2025 Copa Verde

Tournament details
- Country: Brazil
- Dates: 22 January – 23 April
- Teams: 24

Final positions
- Champions: Paysandu (5th title)
- Runners-up: Goiás

Tournament statistics
- Matches played: 30
- Goals scored: 85 (2.83 per match)
- Top goal scorer(s): Rossi (4 goals)

= 2025 Copa Verde =

12th edition of a Brazilian association football competition

The 2025 Copa Verde was the 12th and last edition as tournament format of this football competition held in Brazil. Featuring 24 clubs, Acre, Amazonas, Distrito Federal, Espírito Santo, Mato Grosso, Pará and Tocantins have two vacancies; Amapá, Goiás, Mato Grosso do Sul, Rondônia and Roraima with one each.

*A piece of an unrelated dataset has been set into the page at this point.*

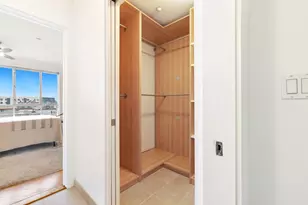 585 9th St, Oakland, CA 94607 - Photo 12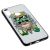 Чохол для Samsung Galaxy A10s (A107) Crazy "frog" 2219373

The others five berths was set according to CBF ranking.

In the finals, Paysandu defeated Goiás 5–4 on penalties after tied 1–1 on aggregate to win their 5th title and a place in the third round of the 2026 Copa do Brasil.

==Qualified teams==

| Association | Team | Qualification method |
| Acre Acre 2 berths | Independência | 2024 Campeonato Acreano champions |
| Humaitá | 2024 Campeonato Acreano runners-up |
| Amapá Amapá 1 berth | Trem | 2024 Campeonato Amapaense champions |
| Amazonas Amazonas 2 berths | Manaus | 2024 Campeonato Amazonense champions |
| Amazonas | 2024 Campeonato Amazonense runners-up |
| Distrito Federal Distrito Federal 2+1 berths | Ceilândia | 2024 Campeonato Brasiliense champions |
| Capital | 2024 Campeonato Brasiliense runners-up |
| Brasiliense | 2nd best placed team in the 2025 CBF ranking not already qualified |
| Espírito Santo Espírito Santo 2 berths | Rio Branco | 2024 Campeonato Capixaba champions |
| Vitória | 2024 Copa Espírito Santo runners-up |
| Goiás Goiás 1+2 berths | Vila Nova | 2024 Campeonato Goiano runners-up |
| Goiás | 1st best placed team in the 2025 CBF ranking not already qualified |
| Aparecidense | 3rd best placed team in the 2025 CBF ranking not already qualified |
| Mato Grosso Mato Grosso 2 berths | União Rondonópolis | 2024 Campeonato Mato-Grossense runners-up |
| Luverdense | 2024 Campeonato Mato-Grossense 3rd place |
| Mato Grosso do Sul Mato Grosso do Sul 1 berth | Operário | 2024 Campeonato Sul-Mato-Grossense champions |
| Pará Pará 2+1 berths | Paysandu | 2024 Campeonato Paraense champions |
| Remo | 2024 Campeonato Paraense runners-up |
| Águia de Marabá | 4th best placed team in the 2025 CBF ranking not already qualified |
| Rondônia Rondônia 1 berth | Porto Velho | 2024 Campeonato Rondoniense champions |
| Roraima Roraima 1+1 berths | GAS | 2024 Campeonato Roraimense champions |
| São Raimundo | 5th best placed team in the 2025 CBF ranking not already qualified |
| Tocantins Tocantins 2 berths | União | 2024 Campeonato Tocantinense champions |
| Tocantinópolis | 2024 Campeonato Tocantinense runners-up |

==Schedule==
The schedule of the competition is as follows.

| Stage | First leg | Second leg |
|---|---|---|
| First round | 22 January 2025; |  |
| Round of 16 | 4, 5 and 6 February 2025; |  |
| Quarter-finals | 12 and 13 February 2025 | 19, 26 and 27 February 2025 |
| Semi-finals | 12 March 2025 | 19 March 2025 |
| Finals | 9 April 2025 | 23 April 2025 |

==Finals==

9 April 2025
Paysandu 0-0 Goiás
----
23 April 2025
Goiás 1-1 Paysandu
  Goiás: Welliton Matheus 25'
  Paysandu: Cavalleri
Tied 1–1 on aggregate, Paysandu won on penalties.